Q1: When used for indexing, why is there a difference in treatment of list of scalers and list of numpy arrays ? (Case 1 vs Case 2). In Case 2, I was hoping to see indexing happen only along axis 0 and get
array( [[[1,2],
[3,4]],
[[1,2],
[3,4]]])
Now, when using numpy array of arrays instead
>>> j1 = np.array(j) # numpy array of arrays
The result below indicates that indexing happened only along axis 0 (as expected)
>>> a[j1] Case 3, j1 is a numpy array of numpy arrays
array([[[1, 2],
[3, 4]],
[[1, 2],
[3, 4]]])
Q2: When used for indexing, why is there a difference in treatment of list of numpy arrays and numpy array of numpy arrays? (Case 2 vs Case 3)
Upvotes: 7
Views: 5640
Reputation: 231375
Case1, a[l]
is actually a[(l,)]
which expands to a[(l, slice(None))]
. That is, indexing the first dimension with the list l
, and an automatic trailing :
slice. Indices are passed as a tuple to the array __getitem__
, and extra ()
may be added without confusion.
Case2, a[j]
is treated as a[array([0, 1]), array([0, 1]]
or a[(array(([0, 1]), array([0, 1])]
. In other words, as a tuple of indexing objects, one per dimension. It ends up returning a[0,0]
and a[1,1]
.
Case3, a[j1]
is a[(j1, slice(None))]
, applying the j1
index to just the first dimension.
Case2 is a bit of any anomaly. Your intuition is valid, but for historical reasons, this list of arrays (or list of lists) is interpreted as a tuple of arrays.
This has been discussed in other SO questions, and I think it is documented. But off hand I can't find those references.
So it's safer to use either a tuple of indexing objects, or an array. Indexing with a list has a potential ambiguity.

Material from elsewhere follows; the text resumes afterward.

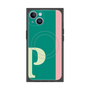 プレミアムスクエアケース with MagSafe［ オリジナル - initial color line - P green ］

numpy array indexing: list index and np.array index give different result
This SO question touches on the same issue, though the clearest statement of what is happening is buried in a code link in a comment by @user2357112.
Another way of forcing the Case3 like indexing, make the 2nd dimension slice explicit, a[j,:]
In [166]: a[j]
Out[166]: array([1, 4])
In [167]: a[j,:]
Out[167]:
array([[[1, 2],
[3, 4]],
[[1, 2],
[3, 4]]])
(I often include the trailing :
even if it isn't needed. It makes it clear to me, and readers, how many dimensions we are working with.)
Upvotes: 2
Reputation: 20214
A1: The structure of l
is not the same as j
.
l
is just one-dimension while j
is two-dimension. If you change one of them:
# l = [0, 1] # just one dimension!
l = [[0, 1], [0, 1]] # two dimensions
j = [np.array([0,1]), np.array([0, 1])] # two dimensions
They have the same behave.
A2: The same, the structure of arrays in Case 2 and Case 3 are not the same.
Upvotes: 0